Broken Hearts Gallery has a secret weapon: Geraldine Viswanathan.
Well, maybe it’s not such a secret because the Australian star has been winning over Hollywood in the past two years.
Now she’s the lead in this new millennial rom-com and she crushes every moment she’s on screen – which, happily for us, is all the time. Choosing to cast her is absolutely Broken Hearts Gallery’s best decision.
Charmed with an abundance of charisma, the wide-eyed and dynamic Viswanathan (Blockers, Bad Education, Miracle Workers) makes you fall in love with her character Lucy, even if you can’t fall in love with the romance at the centre of his rom-com.
Lucy is a twenty-something aspiring gallery curator with a tendency to collect mementos from all her exes, unable to let anything go. Her room is cluttered with knick-knacks of no actual value – it’s Marie Kondo’s nightmare. It’s only one step away from appearing on Hoarders.
On the same night she is dumped by her boyfriend Max (Utkarsh Ambudkar) and fired from her assistant job, in one of those implausible meet-cutes, she accidentally hops into Nick’s (Perth native Dacre Montgomery) Prius, mistaking it for an Uber.
Nick is a loner sort who has been renovating a former YMCA into a boutique hotel for five years, and his financing is about to run out.

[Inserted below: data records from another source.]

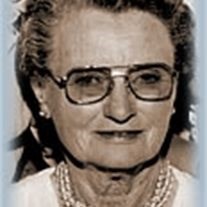 Obituary of Margie Lorene Carmichael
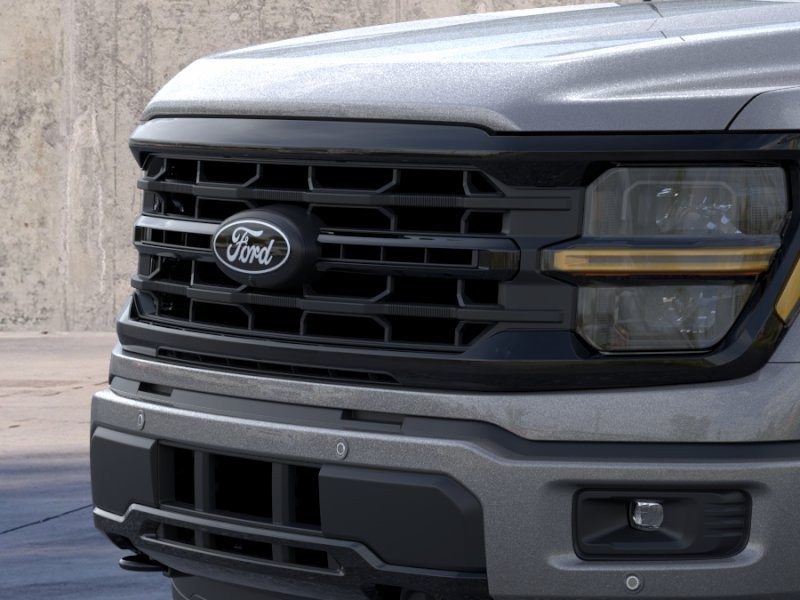 2026 Ford F-150 photo 19 of 24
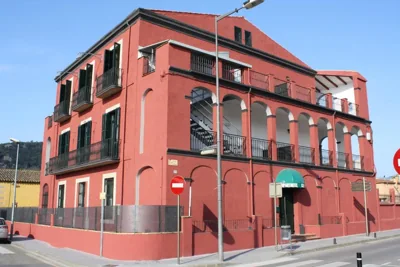 Aparthotel Can Gallart — photo 10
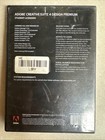 Adobe Creative Suite 4 Design Premium  retail  - Full Version For Windows   
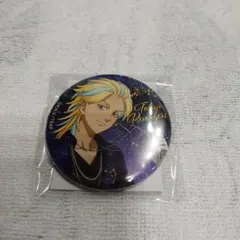 【新品未使用】東京リベンジャーズ 缶バッジ（灰谷竜胆）
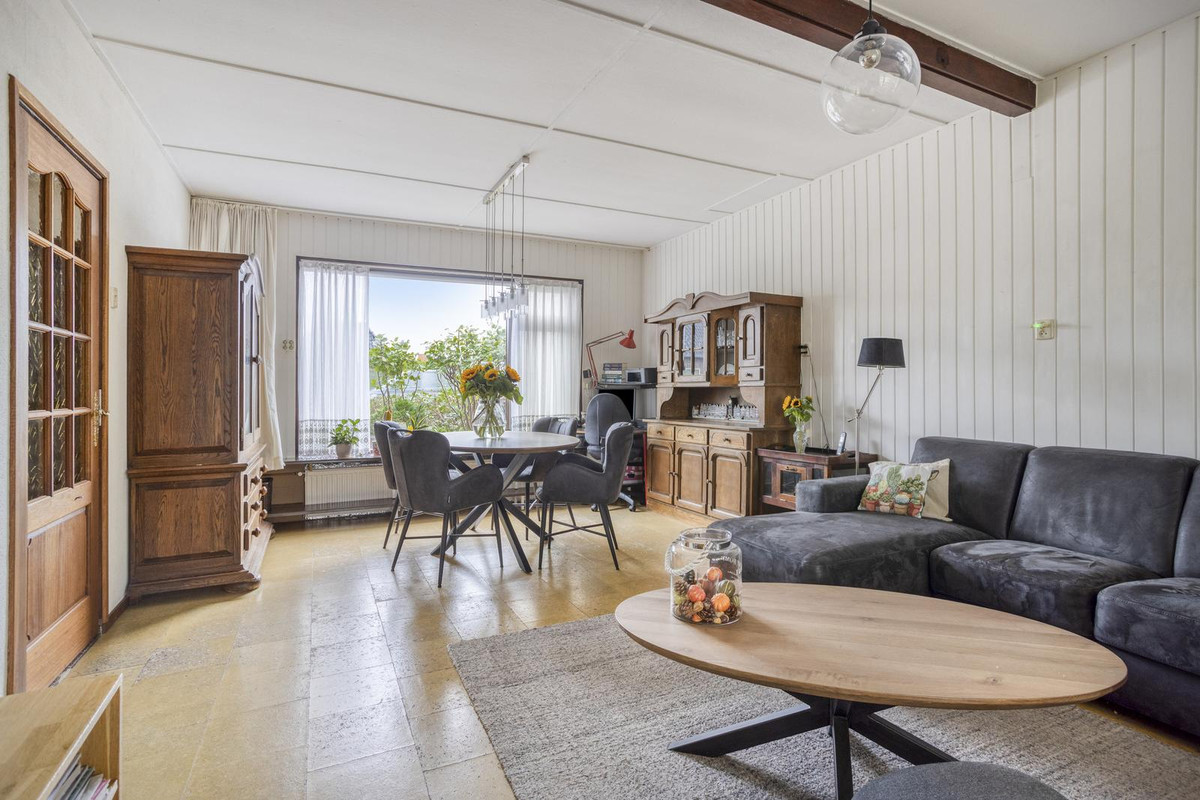 Appartement te koop: 's-Gravendamseweg 39, Noordwijkerhout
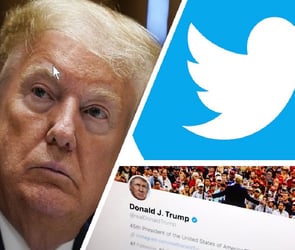 trumpin twittera actigi davanin sonucu belli oldu
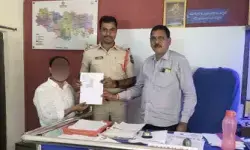 దాబాలో బైండోవర్ నిబంధనల ఉల్లంఘన దాబాలో బైండోవర్ నిబంధనల ఉల్లంఘన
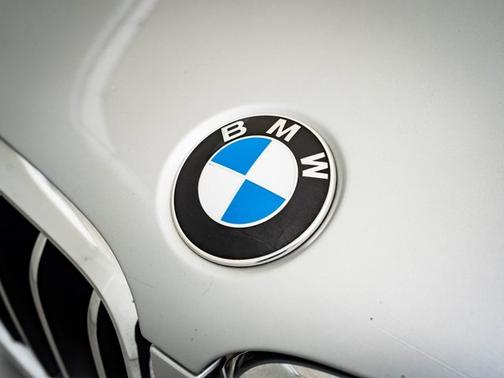 2016 BMW X5 xDrive40e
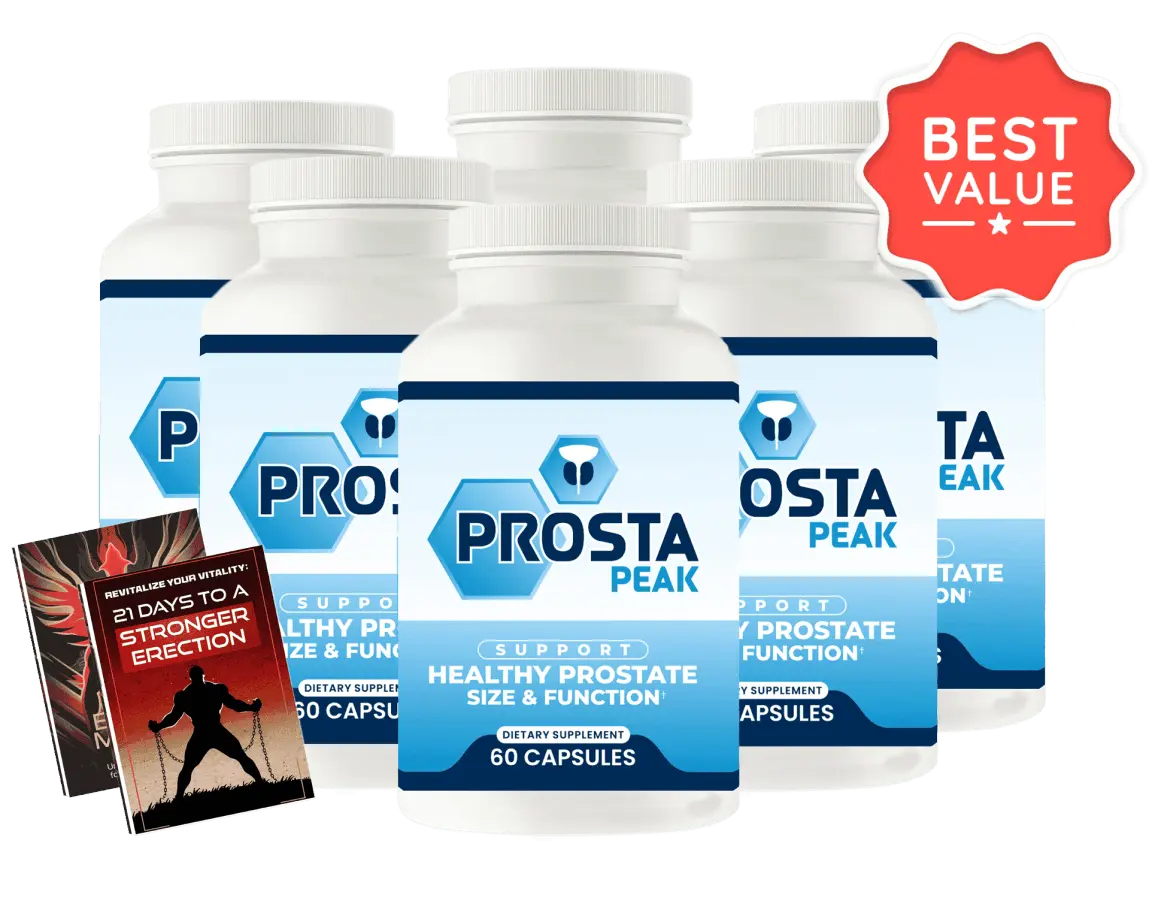 Prosta Peak Official Website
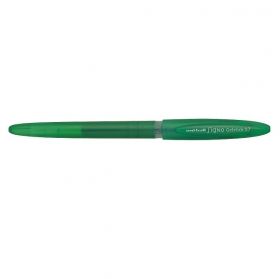 Ролер Uni Signo UМ-170 Зелен 0.7 mm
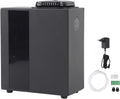 Aurikall Geuroliediffuser HVAC-geurverspreider, US-stekker 100-240V, slimme aromatherapie-machine, voor thuis en commercieel gebruik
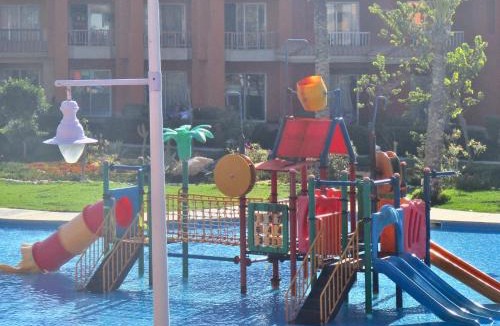 Marsa Matruh Apartment | Asmaa Rental Chalets Porto Matrouh for families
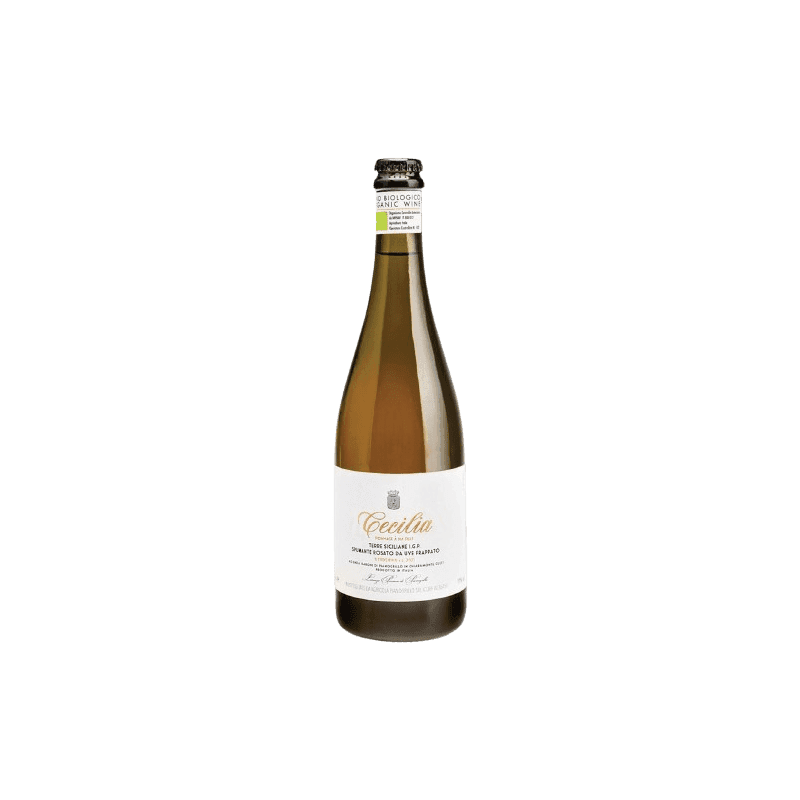Baroni Di Pianogrillo Cecilia Terre Siciliane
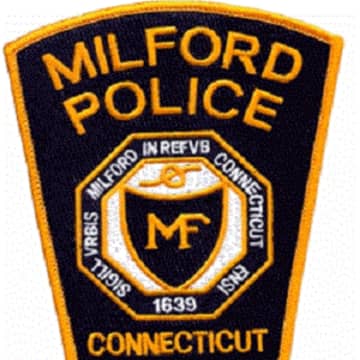 Milford Police charged a woman from Shelton with shoplifting by using her young daughter's toy stroller.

Despondent over her latest break-up, Lucy is convinced by Nick to let one piece of Max go – a tie, which Nick hangs on a wall in his not-yet-hotel and Lucy, in a flash of inspiration, writes “Broken Hearts Gallery” on top.
From there, a pop-up gallery is born.
The idea is that people with emotional baggage from their previous relationships have somewhere to let go of their physical souvenirs, and the Broken Hearts Gallery becomes a sensation, scoring tens of thousands of social media followers and an article in New York Magazine.
You know, in the way that only happens in a brightly coloured rom-com.
There are genre tropes galore in Broken Hearts Gallery, and it certainly loves a montage. Some of those familiar beats are comforting and what you want out of a rom-com.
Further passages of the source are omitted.